The formal definition of cannibalism tries to restrict the definition to humans eating humans, but it is always leaking out the sides. What we see in this film is the way that anyone can be abused, objectified and even eaten if they can be reclassified as inhuman or subhuman. Wikus starts the story happy to burn down shacks full of alien eggs, enjoying the sound of the eggs bursting, which sounds like popcorn. Captured by the corporation and made to operate alien weapons, he is happy to destroy pigs but begs not to be made to shoot the aliens. Later, turning into a “prawn”, he is more than happy to use the alien weapons to blow apart various soldiers of his former employer, to protect the prawns. The irony of this film is that Wikus, who is a fully carnophallogocentric human in the terms used by Derrida (“adult white male, European, carnivorous and capable of sacrifice”), only finds his humanity when he begins morphing into something else and becomes one of the outsiders he previously disdained.
It’s well worth seeing – if you don’t dig the message, then there’s plenty of action scenes, car chases and explosions.
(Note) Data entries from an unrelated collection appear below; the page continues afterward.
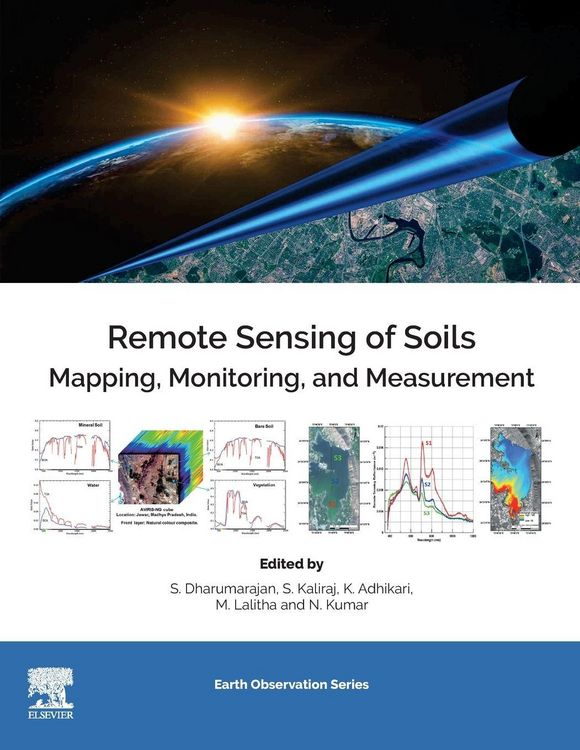 Produktbild: Remote Sensing of Soils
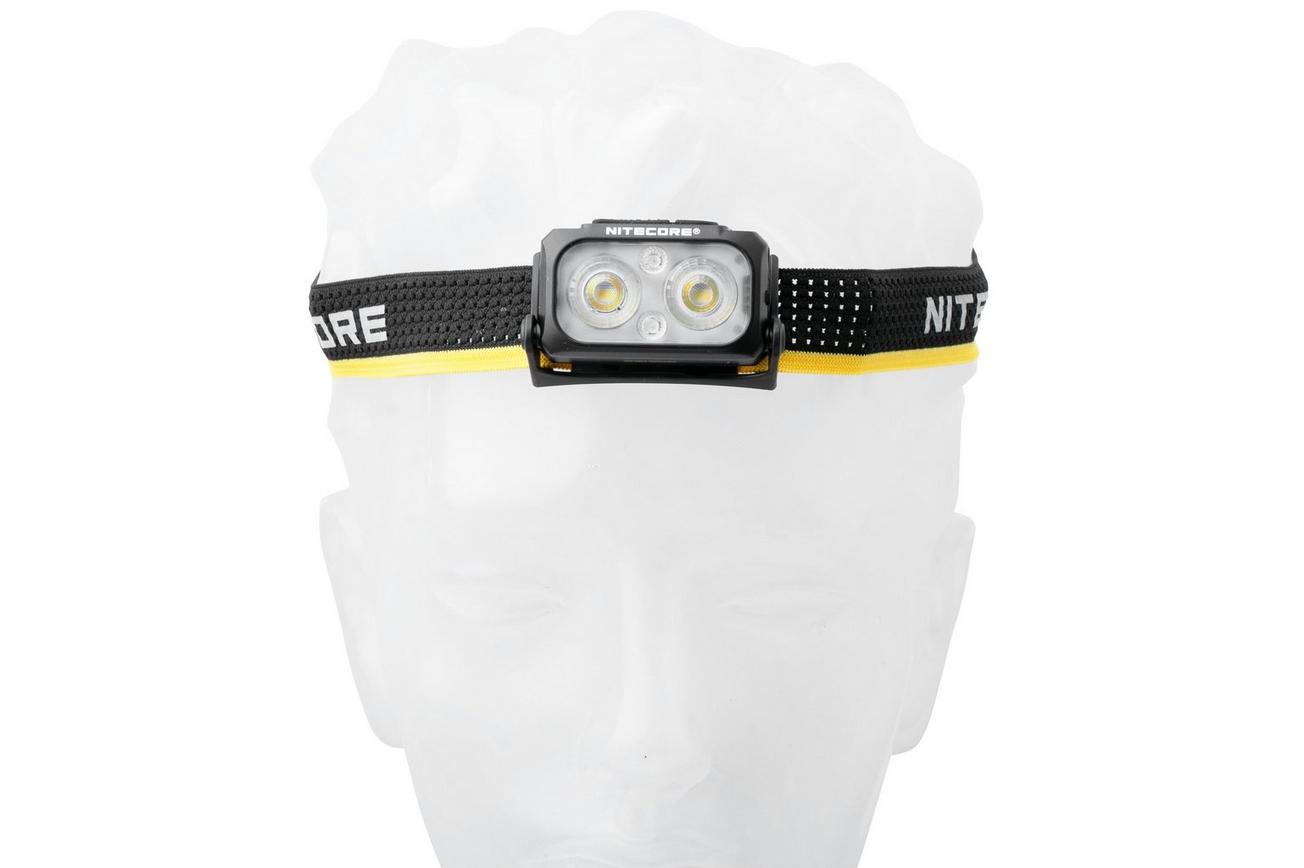 Nitecore NU25 MCT UHE LED, oplaadbare hoofdlamp, 400 lumen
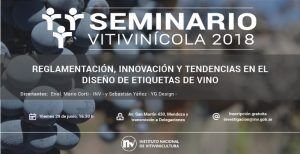 10/08: Seminario Vitivinícola 2018 INV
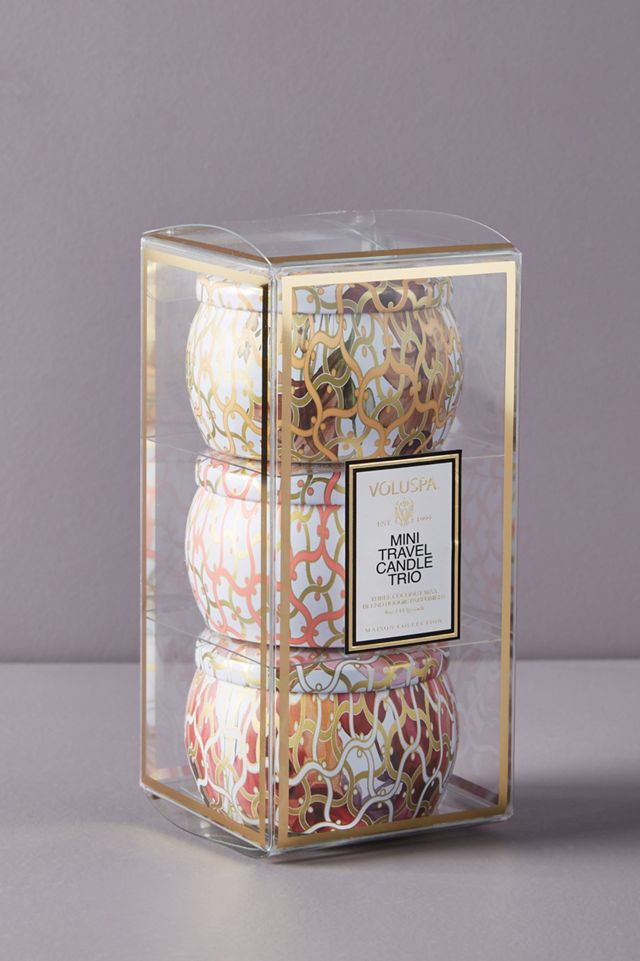 Voluspa Maison Mini Candle Set #1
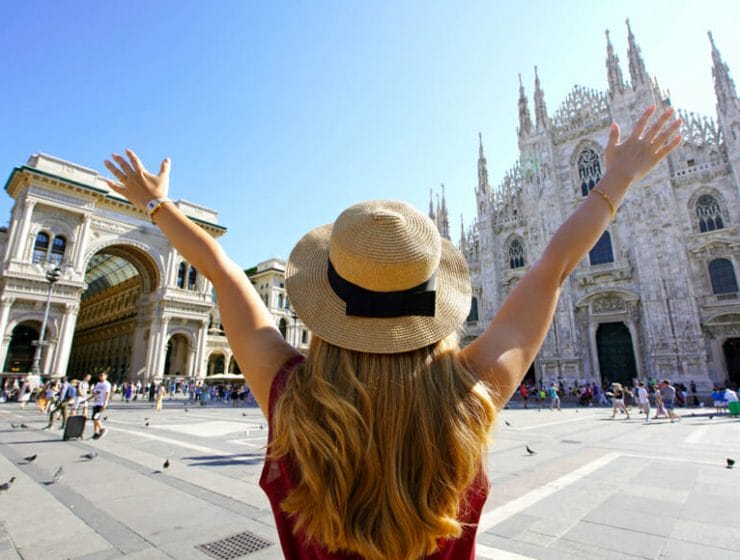 Milan, the navel of the trade fair world: welcome to Fashion City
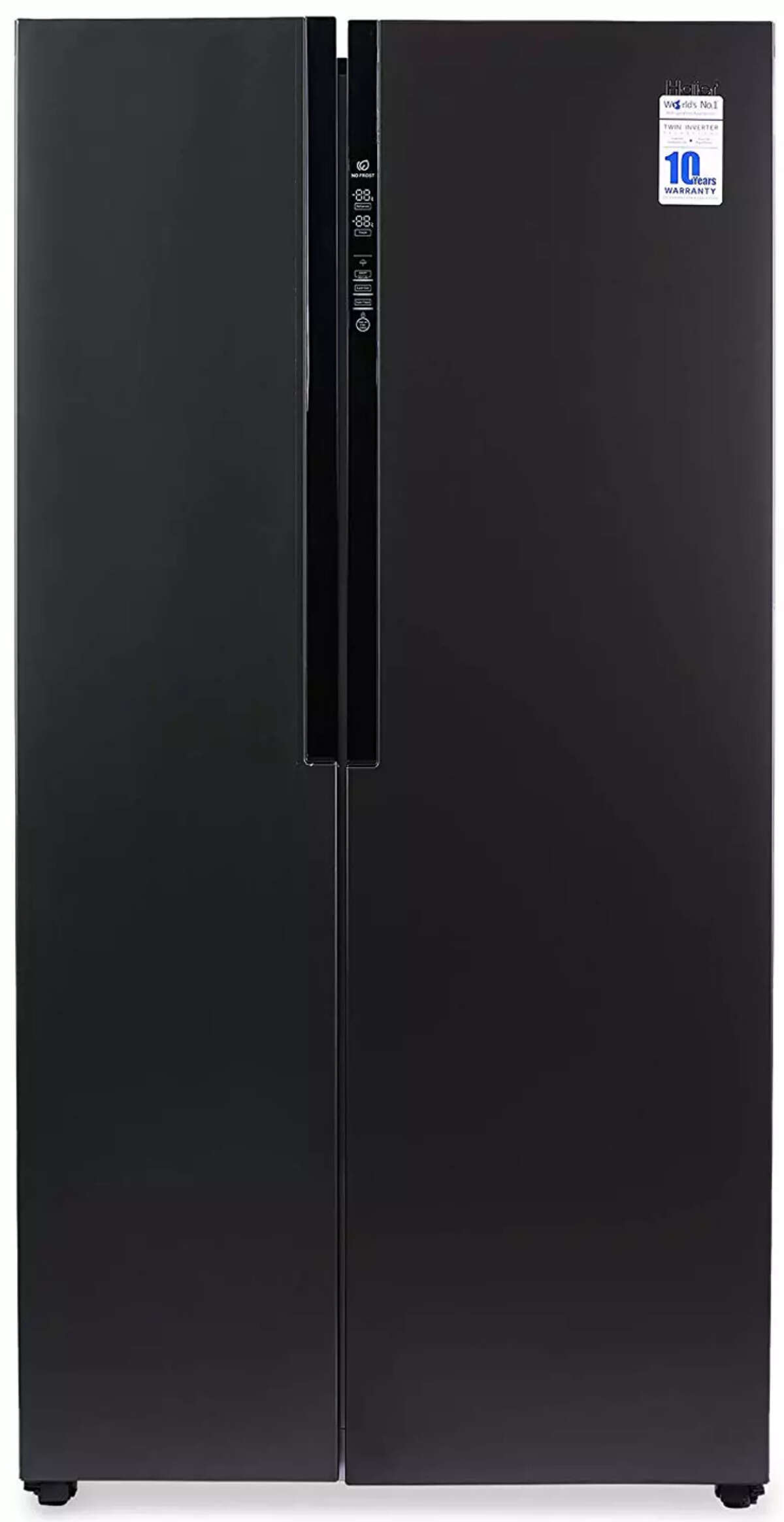 haier 565 ltr side by side refrigerator
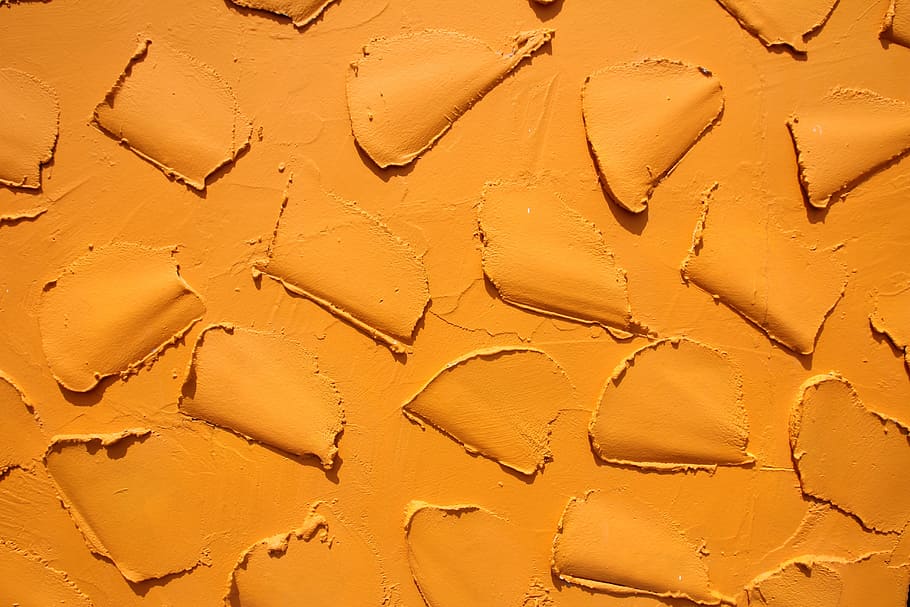untitled, orange, paint, texture, backgrounds, pattern, textured, material, abstract, full frame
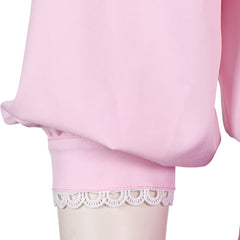 Kpop Demon Hunters(2025) Romance Saja Tenue Rose Cosplay Costume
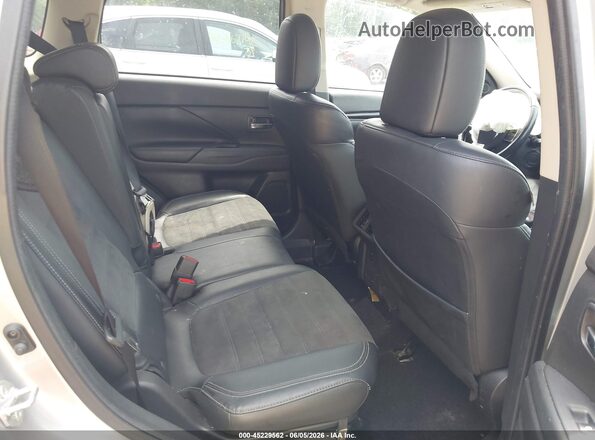 JA4AD3A37KZ041818 2019 MITSUBISHI OUTLANDER Silver Вид наклейки з VIN-кодом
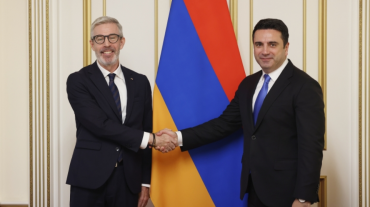 Ալեն Սիմոնյանն ընդունել է Հայաստանում Շվեդիայի դեսպանին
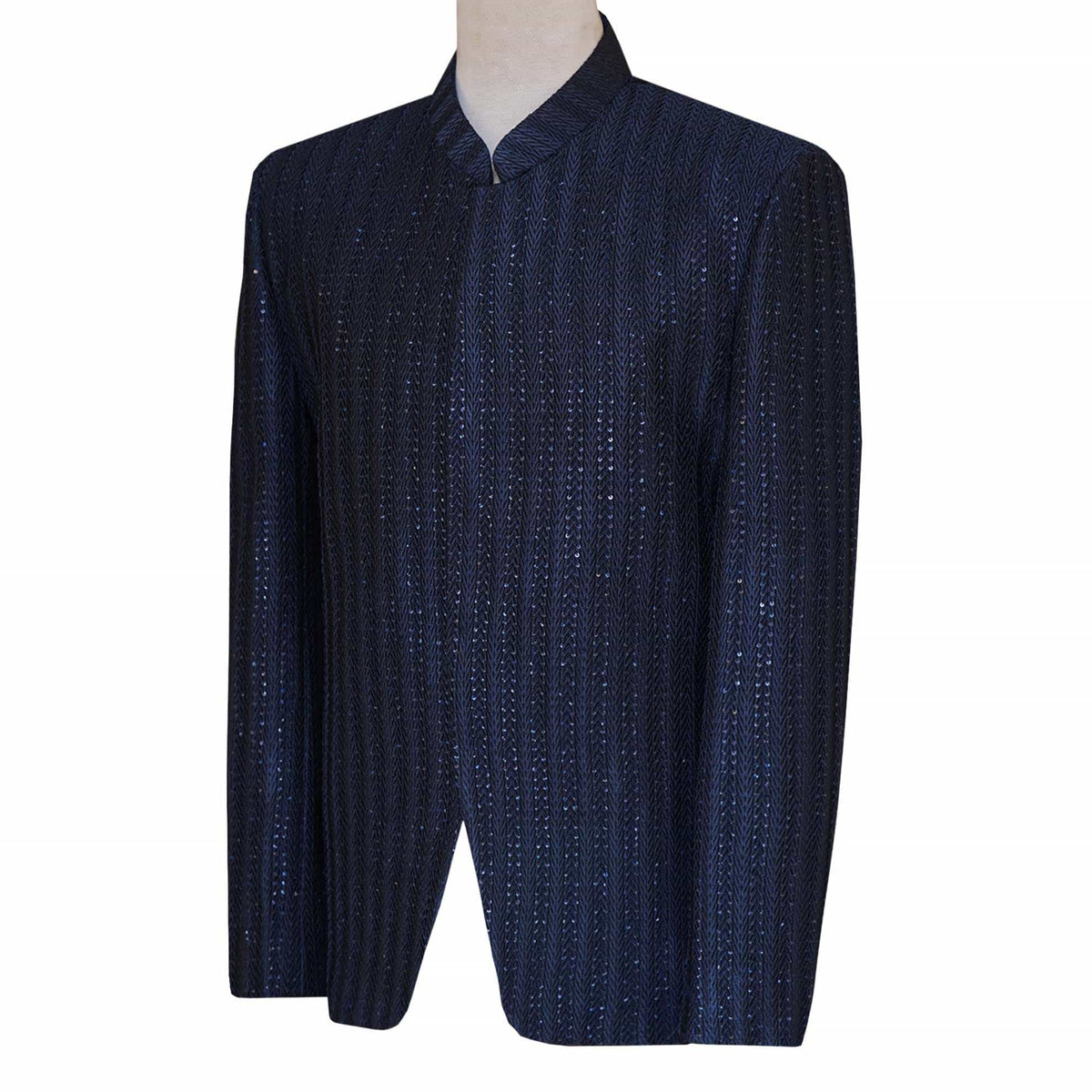 Fully embroidered prince coat with micro embellishments | Prince Coat for Groom 2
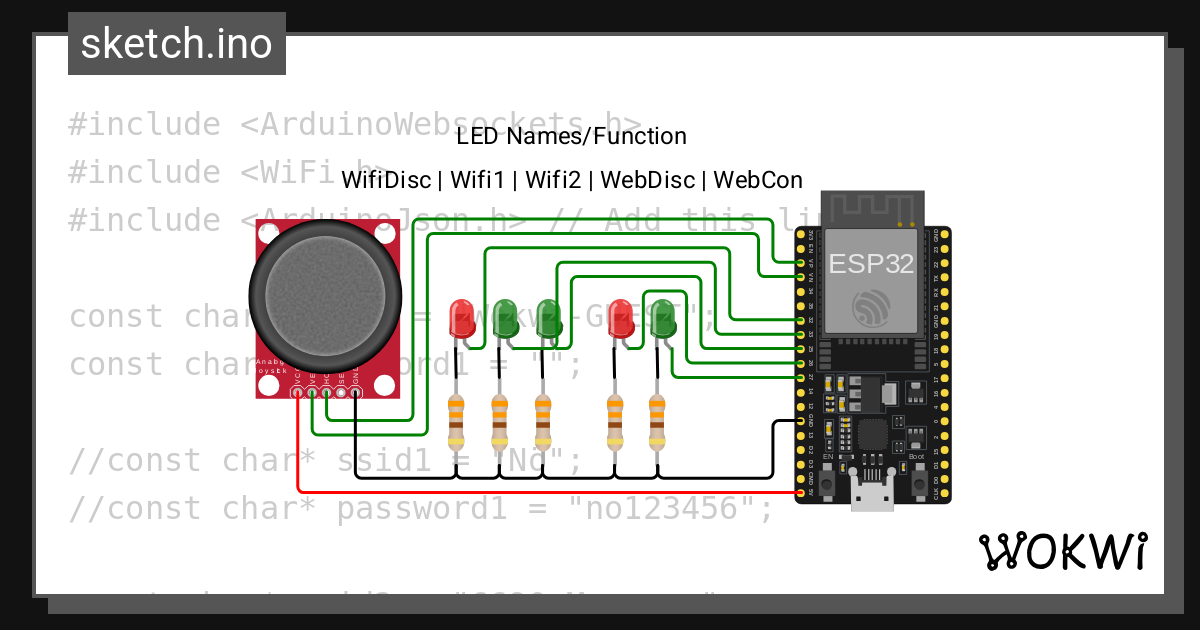 WireCar - Wokwi ESP32, STM32, Arduino Simulator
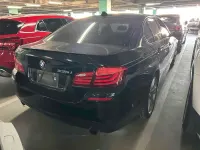 Used BMW 535 M Sport 2011 Black Sedan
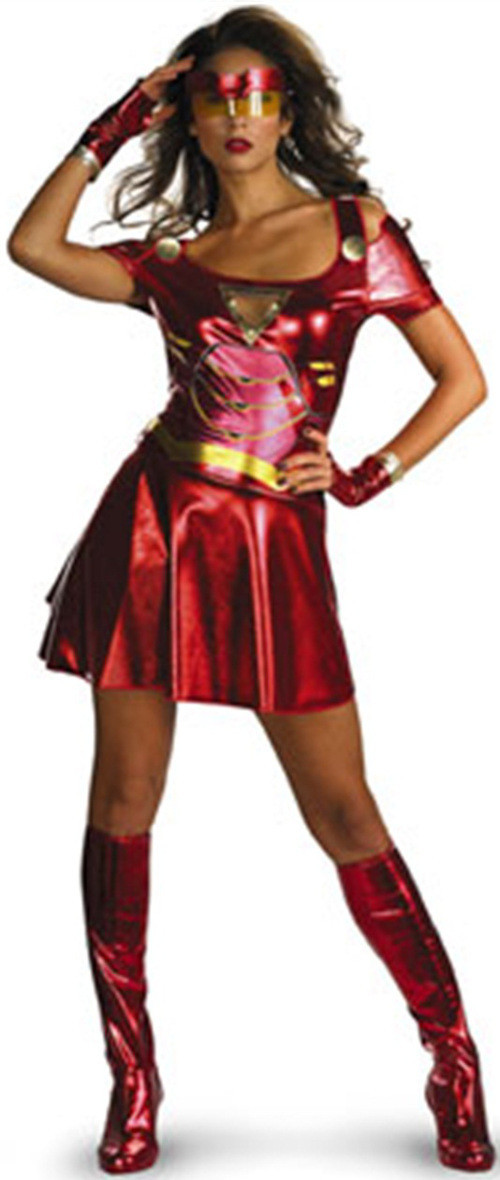 Iron Man Ironette Costume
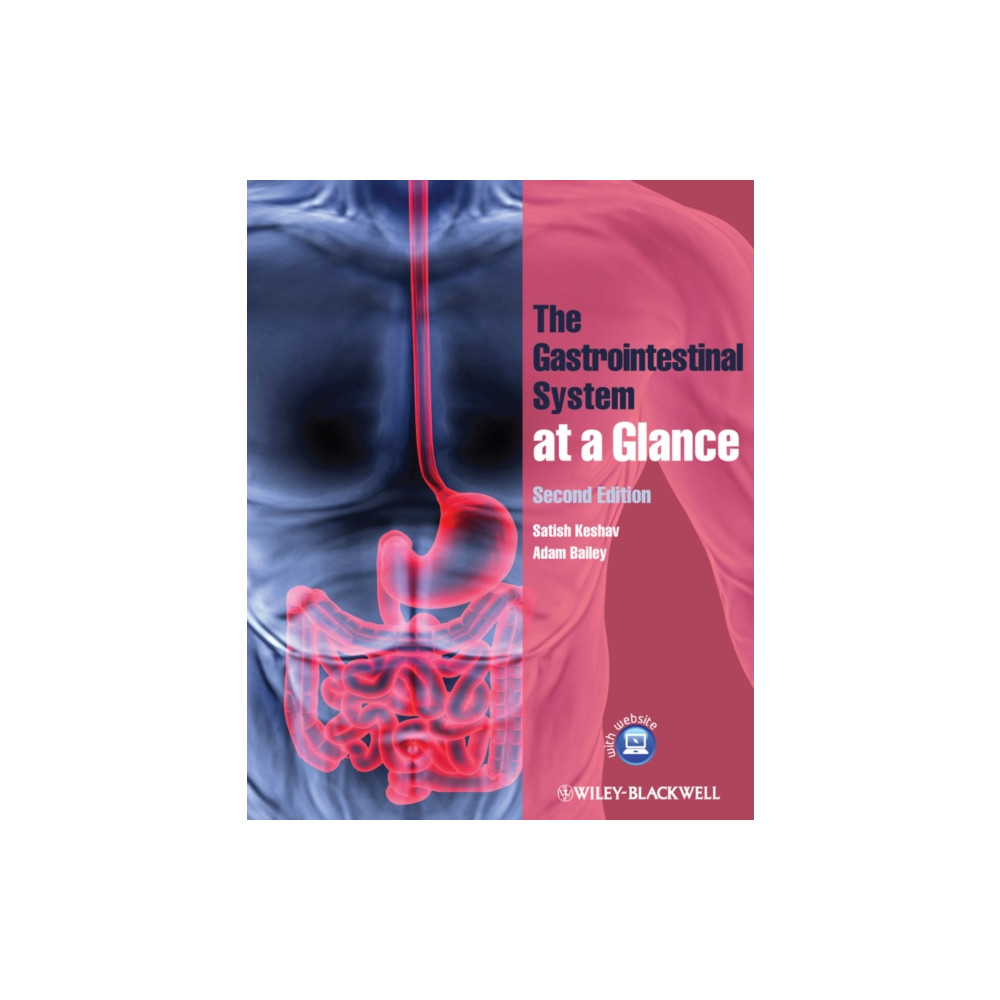 Produktbild för The Gastrointestinal System at a Glance (häftad, eng)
Some unintended explosions after the movie, too, when the Nigerian Information Minister asked cinemas to ban the film because it depicted Nigerians as criminals and cannibals. Not the first time white people have applied those epithets against Africans, and the film also scored a mention in Salon’s list of “white saviour” movies, since Wikus is white, and desperate to remain so. But the Malawian actor, Eugene Khumbanyiwa, who played the gang leader, said that the Nigerians in the cast weren’t bothered: “It’s a story, you know. It’s not like Nigerians do eat aliens. Aliens don’t even exist in the first place.” Sensible, but not a great look for a film that is slamming racist stereotypes through the metaphor of speciesism.
The direction is adroit and the story buzzes along with never a dull moment. The acting is first rate, even the guys in the alien suits become sympathetic characters, and the special effects are first rate. The film has a 90% “fresh” rating on Rotten Tomatoes. It’s available on Netflix.